Information shown:
####################

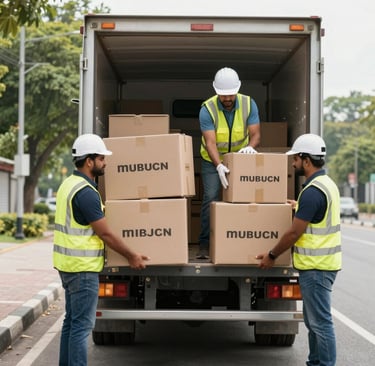 Packers and movers loading truck in Chandigarh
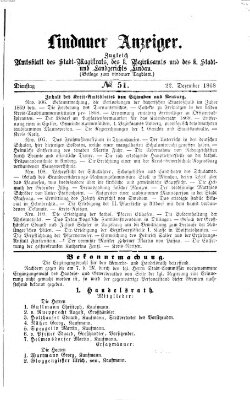 Lindauer Anzeiger (Lindauer Tagblatt für Stadt und Land) Dienstag 22. Dezember 1868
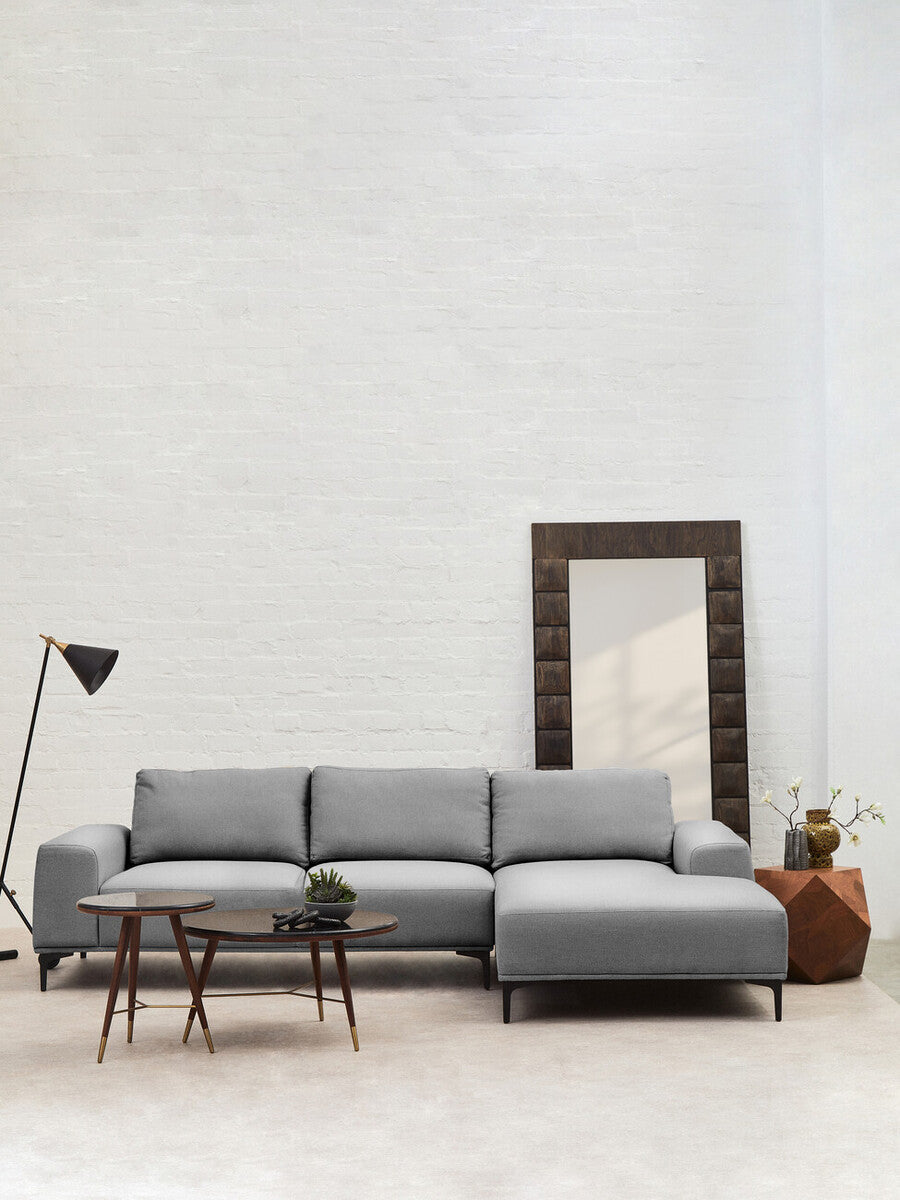 Toulon 3 Seat Grey Fabric Right Chaise Sofa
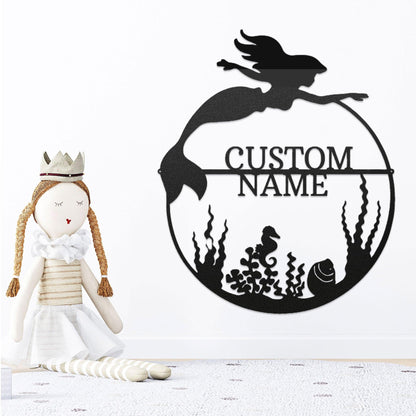 Mermaid Custom Name Metal Art Wall Sign - Mallard Moon Gift Shop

####################

What this task involves: Starting at the line that holds "Lindauer Anzeiger (Lindauer" and stopping at the last line of the listing above, write out each line exactly as it appears, and omit the pictures.

Exercise response:
 Lindauer Anzeiger (Lindauer Tagblatt für Stadt und Land) Dienstag 22. Dezember 1868
 Toulon 3 Seat Grey Fabric Right Chaise Sofa
 Mermaid Custom Name Metal Art Wall Sign - Mallard Moon Gift Shop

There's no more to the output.